Written by Crispan Palmer
ROME (Reuters) – Entrepreneur Roberto Colagno, chairman and CEO of scooter maker Piaggio and one of Italy’s best-known dealmakers, has died, investment firm IMMSI said on Saturday.
He turned 80 last week. No cause of death was given.
Kulanyo was a pivotal figure in the country’s industrial landscape, managing to turn around a number of failing businesses, but also leaving a mixed corporate legacy.
He is best known for his surprise $58 billion takeover of Telecom Italia in 1999, at the time the largest hostile takeover in the world.
Many investors hailed him as the mastermind of the deal, but allies were disappointed by his plans to cut the mountain of debt he had created, and forced him to sell control of the group to tire maker Pirelli after only two years.
While Telecom Italia struggled to recover from a debt burden that had drained its finances for years, Colano emerged from the deal with a fortune of his own, enabling him to buy IMMSI, a telecom real estate company that he turned into an investment firm.
In 2003, after his efforts to take over automaker Fiat were rejected, he turned his attention to Piaggio, maker of the Vespa scooter, which had fallen on hard times.
He pulled it back from the brink, rapidly expanding its activities in Asia, especially India, China and Vietnam. The group posted record results for the first half in July.
With Piaggio back in profit, Colagno has sought to revive another struggling Italian icon, national carrier Alitalia, investing heavily in the airline in 2008 and becoming chairman in the process.
However, like many before him, he failed to turn the company around, and it eventually closed. He was brought to trial last year, along with 13 other defendants, for fraudulent bankruptcy at the airline. He denied any wrongdoing.
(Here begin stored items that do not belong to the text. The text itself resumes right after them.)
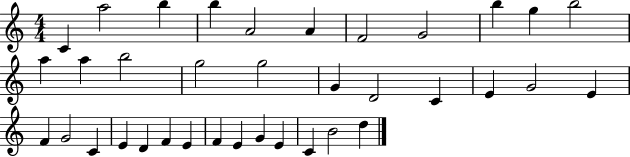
C4/q A5/h B5/q B5/q A4/h A4/q F4/h G4/h B5/q G5/q B5/h A5/q A5/q B5/h G5/h G5/h G4/q D4/h C4/q E4/q G4/h E4/q F4/q G4/h C4/q E4/q D4/q F4/q E4/q F4/q E4/q G4/q E4/q C4/q B4/h D5/q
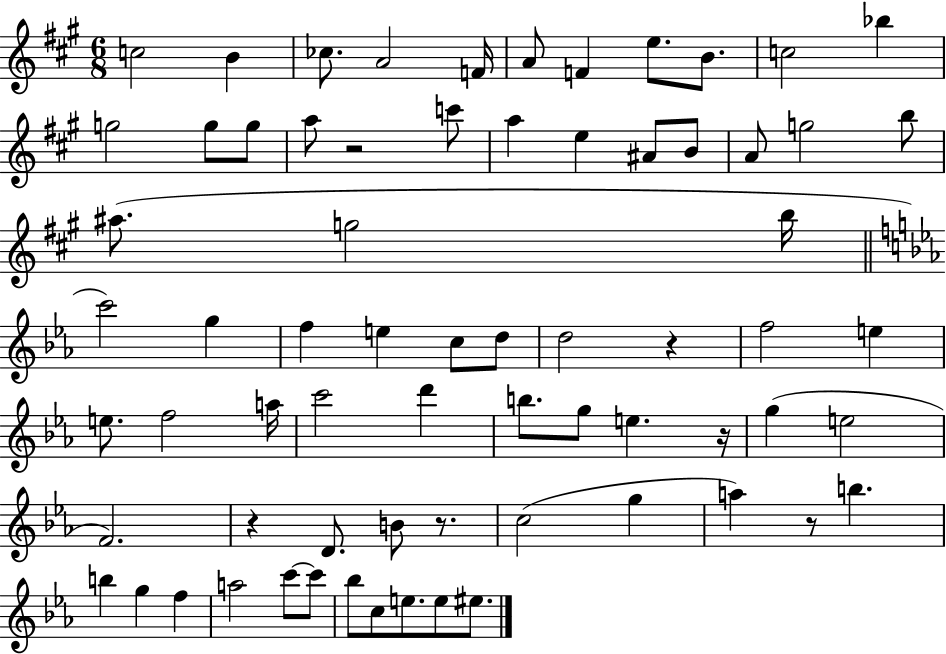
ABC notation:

X:1
T:Untitled
M:6/8
L:1/4
K:A
c2 B _c/2 A2 F/4 A/2 F e/2 B/2 c2 _b g2 g/2 g/2 a/2 z2 c'/2 a e ^A/2 B/2 A/2 g2 b/2 ^a/2 g2 b/4 c'2 g f e c/2 d/2 d2 z f2 e e/2 f2 a/4 c'2 d' b/2 g/2 e z/4 g e2 F2 z D/2 B/2 z/2 c2 g a z/2 b b g f a2 c'/2 c'/2 _b/2 c/2 e/2 e/2 ^e/2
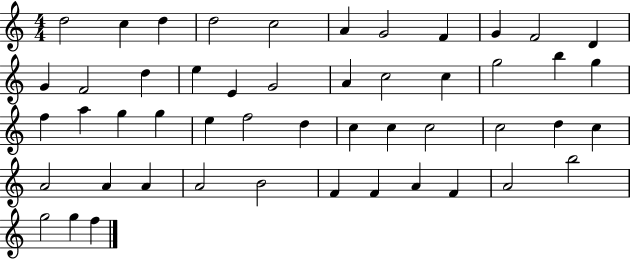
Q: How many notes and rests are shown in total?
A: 50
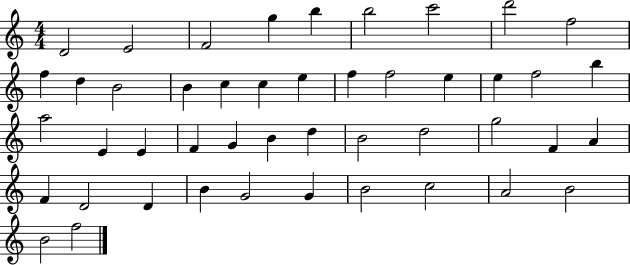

The case has not yet reached court.
Colano started his career at auto parts manufacturer Fiam, and then joined one of the Italian business giants, Carlo De Benedetti. They founded a financing company, Sogefi, which bought Fiamm from its British owner and turned it into one of Europe’s most successful auto parts suppliers.
De Benedetti later asked Colaninno to take charge of his struggling Olivetti company. Colano gave up the company’s loss-making computer unit and focused on the telephone business—which he later used as a vehicle to launch the Telecom Italia bid.
He is survived by two sons, Mateo and Michel, and his wife, Aurita.